In the 1830s, New York City barely reached 14th Street, but it was growing. By the 1850s, Manhattan stretched to 59th Street, and there were car tracks on most of the major avenues, from First to Eighth. This created a dilemma for black New Yorkers. In the 1830s and early 1840s, Blacks didn't use public transportation, the white driver decided if they could ride, and Blacks weren't welcome. With the motto "walk," community leaders suggested using other means. Bucking the segregated system was also dangerous. Drivers carried whips and used them to keep Blacks off. Threats of legal retaliation were laughed at.
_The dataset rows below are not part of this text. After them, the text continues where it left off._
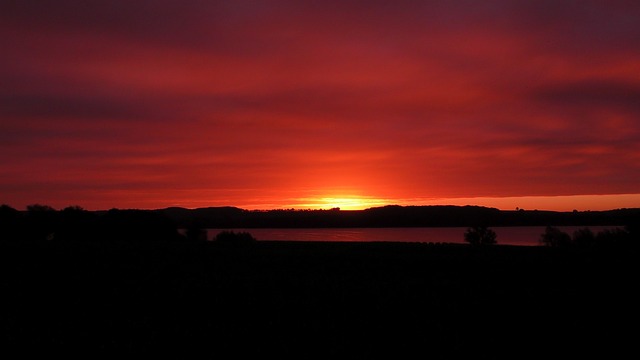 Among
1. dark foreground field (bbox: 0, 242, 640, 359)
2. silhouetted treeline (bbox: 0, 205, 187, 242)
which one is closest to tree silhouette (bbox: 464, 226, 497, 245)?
silhouetted treeline (bbox: 0, 205, 187, 242)

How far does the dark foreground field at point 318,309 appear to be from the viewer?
10623 mm

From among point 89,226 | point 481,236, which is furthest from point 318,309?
point 481,236

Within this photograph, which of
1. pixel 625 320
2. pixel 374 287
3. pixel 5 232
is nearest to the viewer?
pixel 625 320

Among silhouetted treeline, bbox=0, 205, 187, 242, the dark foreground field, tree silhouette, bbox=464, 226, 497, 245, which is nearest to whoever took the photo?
the dark foreground field

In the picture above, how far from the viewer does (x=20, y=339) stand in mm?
10484

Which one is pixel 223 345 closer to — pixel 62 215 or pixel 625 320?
pixel 625 320

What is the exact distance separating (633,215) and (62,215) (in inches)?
1745

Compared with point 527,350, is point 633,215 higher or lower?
higher

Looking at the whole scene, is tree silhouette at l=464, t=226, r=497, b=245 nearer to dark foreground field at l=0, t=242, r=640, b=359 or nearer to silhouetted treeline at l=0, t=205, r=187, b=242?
silhouetted treeline at l=0, t=205, r=187, b=242

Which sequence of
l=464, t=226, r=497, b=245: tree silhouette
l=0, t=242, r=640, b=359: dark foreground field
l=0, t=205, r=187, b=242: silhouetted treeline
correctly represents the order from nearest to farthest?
l=0, t=242, r=640, b=359: dark foreground field
l=0, t=205, r=187, b=242: silhouetted treeline
l=464, t=226, r=497, b=245: tree silhouette

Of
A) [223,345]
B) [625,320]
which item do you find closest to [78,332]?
[223,345]

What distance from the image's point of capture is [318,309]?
14.3 meters

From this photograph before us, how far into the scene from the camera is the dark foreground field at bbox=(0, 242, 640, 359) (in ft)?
34.9

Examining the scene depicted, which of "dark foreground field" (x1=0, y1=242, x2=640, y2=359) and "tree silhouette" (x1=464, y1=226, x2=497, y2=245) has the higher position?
"tree silhouette" (x1=464, y1=226, x2=497, y2=245) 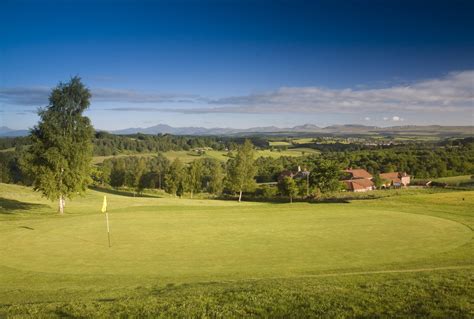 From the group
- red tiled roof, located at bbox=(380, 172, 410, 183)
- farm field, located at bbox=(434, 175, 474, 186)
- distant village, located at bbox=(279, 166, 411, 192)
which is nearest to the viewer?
farm field, located at bbox=(434, 175, 474, 186)

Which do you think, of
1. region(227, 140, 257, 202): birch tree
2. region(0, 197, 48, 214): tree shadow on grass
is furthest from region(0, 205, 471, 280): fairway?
region(227, 140, 257, 202): birch tree

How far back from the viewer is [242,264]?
14992 mm

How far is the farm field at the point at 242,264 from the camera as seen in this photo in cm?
902

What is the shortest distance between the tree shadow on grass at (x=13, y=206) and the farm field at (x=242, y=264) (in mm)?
3824

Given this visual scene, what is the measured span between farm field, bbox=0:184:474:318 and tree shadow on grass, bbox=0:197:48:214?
12.5 feet

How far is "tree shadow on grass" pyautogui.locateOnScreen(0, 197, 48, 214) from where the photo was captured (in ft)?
104

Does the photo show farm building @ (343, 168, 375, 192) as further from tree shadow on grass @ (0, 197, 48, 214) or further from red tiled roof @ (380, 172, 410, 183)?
tree shadow on grass @ (0, 197, 48, 214)

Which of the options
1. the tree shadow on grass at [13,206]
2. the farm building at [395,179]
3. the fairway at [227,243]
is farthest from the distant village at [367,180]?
the fairway at [227,243]

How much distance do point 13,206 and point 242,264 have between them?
1093 inches

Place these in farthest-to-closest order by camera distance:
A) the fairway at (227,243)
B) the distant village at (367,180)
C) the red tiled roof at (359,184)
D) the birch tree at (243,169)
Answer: the distant village at (367,180) → the red tiled roof at (359,184) → the birch tree at (243,169) → the fairway at (227,243)

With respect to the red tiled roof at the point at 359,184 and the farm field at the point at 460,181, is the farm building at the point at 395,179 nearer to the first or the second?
the red tiled roof at the point at 359,184

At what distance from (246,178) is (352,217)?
104 feet

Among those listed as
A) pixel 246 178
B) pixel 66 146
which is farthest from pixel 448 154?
pixel 66 146

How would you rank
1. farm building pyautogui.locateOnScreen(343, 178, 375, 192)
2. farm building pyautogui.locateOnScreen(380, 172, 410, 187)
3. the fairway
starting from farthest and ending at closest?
farm building pyautogui.locateOnScreen(380, 172, 410, 187)
farm building pyautogui.locateOnScreen(343, 178, 375, 192)
the fairway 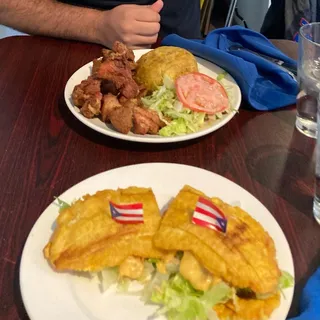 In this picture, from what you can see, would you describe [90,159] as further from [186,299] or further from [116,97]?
[186,299]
By the late 1840s, there were special public buses on which Blacks could ride. They had large "Colored Persons Allowed" signs on the back or in a side window. But these vehicles ran infrequently, irregularly, and often not at all. In the 1850s, the horse-drawn streetcar on rails became a more common mode of transportation, competing with the horse-drawn omnibus in the city. (Elevated heavy rail, the next new model in the city, did not go into service until 1869.) Like the omnibus lines, private companies owned the streetcar lines, and their owners and drivers could refuse service to passengers.
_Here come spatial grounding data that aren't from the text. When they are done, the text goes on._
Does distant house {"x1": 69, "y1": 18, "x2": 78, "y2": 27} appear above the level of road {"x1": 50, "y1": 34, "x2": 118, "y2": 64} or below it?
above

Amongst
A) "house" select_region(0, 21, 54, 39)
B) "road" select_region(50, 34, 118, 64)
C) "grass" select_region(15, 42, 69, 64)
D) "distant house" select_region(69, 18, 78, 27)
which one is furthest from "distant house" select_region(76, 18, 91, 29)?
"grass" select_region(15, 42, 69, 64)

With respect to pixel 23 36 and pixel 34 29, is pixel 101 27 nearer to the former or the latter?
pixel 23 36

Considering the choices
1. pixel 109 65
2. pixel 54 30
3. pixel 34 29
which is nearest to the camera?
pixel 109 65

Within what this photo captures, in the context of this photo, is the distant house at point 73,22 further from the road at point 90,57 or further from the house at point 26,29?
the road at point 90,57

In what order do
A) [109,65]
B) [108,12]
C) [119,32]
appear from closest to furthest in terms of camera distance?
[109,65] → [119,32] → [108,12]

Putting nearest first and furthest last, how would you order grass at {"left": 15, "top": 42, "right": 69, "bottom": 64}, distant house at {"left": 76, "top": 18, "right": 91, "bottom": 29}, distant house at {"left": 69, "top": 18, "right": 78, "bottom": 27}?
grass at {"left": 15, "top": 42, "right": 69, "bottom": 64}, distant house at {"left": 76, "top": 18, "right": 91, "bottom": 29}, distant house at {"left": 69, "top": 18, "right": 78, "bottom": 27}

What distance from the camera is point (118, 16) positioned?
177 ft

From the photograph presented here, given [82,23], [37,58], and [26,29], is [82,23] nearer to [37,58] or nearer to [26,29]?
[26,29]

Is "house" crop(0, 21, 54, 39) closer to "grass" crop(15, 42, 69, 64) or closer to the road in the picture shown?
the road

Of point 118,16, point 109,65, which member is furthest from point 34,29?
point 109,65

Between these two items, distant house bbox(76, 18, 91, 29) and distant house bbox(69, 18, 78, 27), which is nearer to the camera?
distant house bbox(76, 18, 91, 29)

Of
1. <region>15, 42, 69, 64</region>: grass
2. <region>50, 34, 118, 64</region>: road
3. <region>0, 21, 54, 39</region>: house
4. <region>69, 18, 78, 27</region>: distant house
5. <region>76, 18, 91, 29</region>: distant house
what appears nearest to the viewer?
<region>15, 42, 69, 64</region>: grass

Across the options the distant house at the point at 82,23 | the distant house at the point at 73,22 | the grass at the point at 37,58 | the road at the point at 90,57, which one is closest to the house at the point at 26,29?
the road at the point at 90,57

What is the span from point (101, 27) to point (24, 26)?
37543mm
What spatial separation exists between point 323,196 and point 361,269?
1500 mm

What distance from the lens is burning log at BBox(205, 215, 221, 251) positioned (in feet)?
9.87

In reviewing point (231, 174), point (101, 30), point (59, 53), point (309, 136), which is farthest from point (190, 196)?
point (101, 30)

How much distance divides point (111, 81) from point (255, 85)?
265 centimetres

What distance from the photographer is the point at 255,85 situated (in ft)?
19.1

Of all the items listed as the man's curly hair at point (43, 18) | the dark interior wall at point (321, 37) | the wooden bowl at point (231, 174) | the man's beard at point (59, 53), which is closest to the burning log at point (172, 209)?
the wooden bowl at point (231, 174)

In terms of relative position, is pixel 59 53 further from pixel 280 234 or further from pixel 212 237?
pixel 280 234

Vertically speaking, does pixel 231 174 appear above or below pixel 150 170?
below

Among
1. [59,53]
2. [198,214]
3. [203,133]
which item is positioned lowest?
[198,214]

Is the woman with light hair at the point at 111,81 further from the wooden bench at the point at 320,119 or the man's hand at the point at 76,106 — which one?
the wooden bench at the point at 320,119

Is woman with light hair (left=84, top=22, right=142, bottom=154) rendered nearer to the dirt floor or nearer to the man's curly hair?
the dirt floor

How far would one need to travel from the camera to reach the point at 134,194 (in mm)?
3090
Elizabeth Jennings was a 24-year-old Black schoolteacher on her way to the First Colored Congregational Church on Sixth Street and Second Avenue, where she was to perform as the organist. She was running late and boarded a Third Avenue Railroad Company streetcar at the corner of Pearl and Chatham Streets. The conductor ordered her to get off. When she refused, the conductor tried to remove her by force. Eventually, with the aid of a police officer, Jennings was ejected from the streetcar.
Jennings v. Third Ave. The railroad was filed in 1855. Jennings filed a lawsuit against the driver, the conductor, and the Third Avenue Railroad Company in Brooklyn, where Third Avenue was headquartered. The law firm of Culver, Parker, and Arthur represented her. The firm’s 24-year-old junior partner, Chester A. Arthur, future U.S. President, handled her case.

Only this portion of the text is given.